A ponte recebeu vários nomes: Terceira Ponte, Ponte Metálica, Ponte da Cachoeirinha e Ponte Benjamin Constant, mas até hoje é conhecida pelos moradores como “Ponte de Ferro”.
O serviço de viação por bondes foi inaugurado em Manaus em
1896, ainda durante o governo Eduardo Ribeiro.
Funcionando em caráter
provisório, estava sob a responsabilidade do engenheiro Frank Hirst Hebblethwaite
e contava com apenas duas linhas que tinham por fim interligar a área urbana
com os subúrbios, ou seja, as áreas mais distantes com o centro da cidade.
A estação central estava localizada na Praça XV de Novembro, tendo como referência o Pavilhão Universal, localizado nas proximidades dos armazéns da Booth Line.
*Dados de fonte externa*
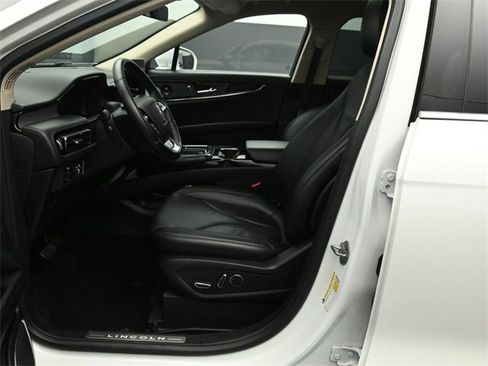 Certified 2023 Lincoln Nautilus Reserve w/ Luxury Package image 10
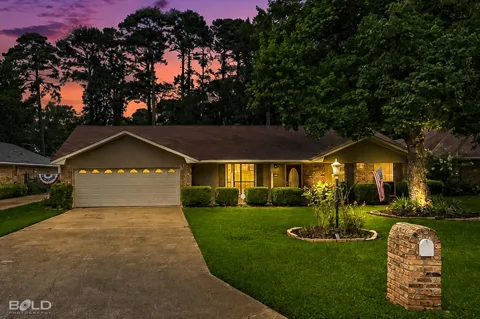 10011 Trailridge Drive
O serviço atendeu inicialmente aos limites compreendidos
pela estrada Epaminondas, entre a Praça Uruguayana e a Praça Cinco de Setembro,
e entre esta praça e o Igarapé do Baptista, no final da estrada Epaminondas, no
bairro de Flores, nas proximidades de onde hoje está o estádio Vivaldo Lima, praticamente na zona rural da cidade.
A outra linha partia da Epaminondas pelo Boulevard Amazonas até o Cemitério São João Batista, no Alto do Mocó.
A outra linha partia da Epaminondas pelo Boulevard Amazonas até o Cemitério São João Batista, no Alto do Mocó.
Mais tarde, uma nova linha foi inaugurada partindo da estrada Epaminondas, nas proximidades da Ponte dos Bilhares, e seguindo em direção ao bairro de São Raimundo pela estrada velha via ponte de ferro da Cachoeira Grande, que deu origem à famosa
“Rua da Cachoeira”, do bairro de São Jorge.
Em 1900, os serviços estavam sob a responsabilidade da
Manáos Railway Company, empresa inglesa que recebeu consideráveis auxílios para
sua instalação na capital, mas, desde o começo, os seus serviços foram
considerados muito precários pela população.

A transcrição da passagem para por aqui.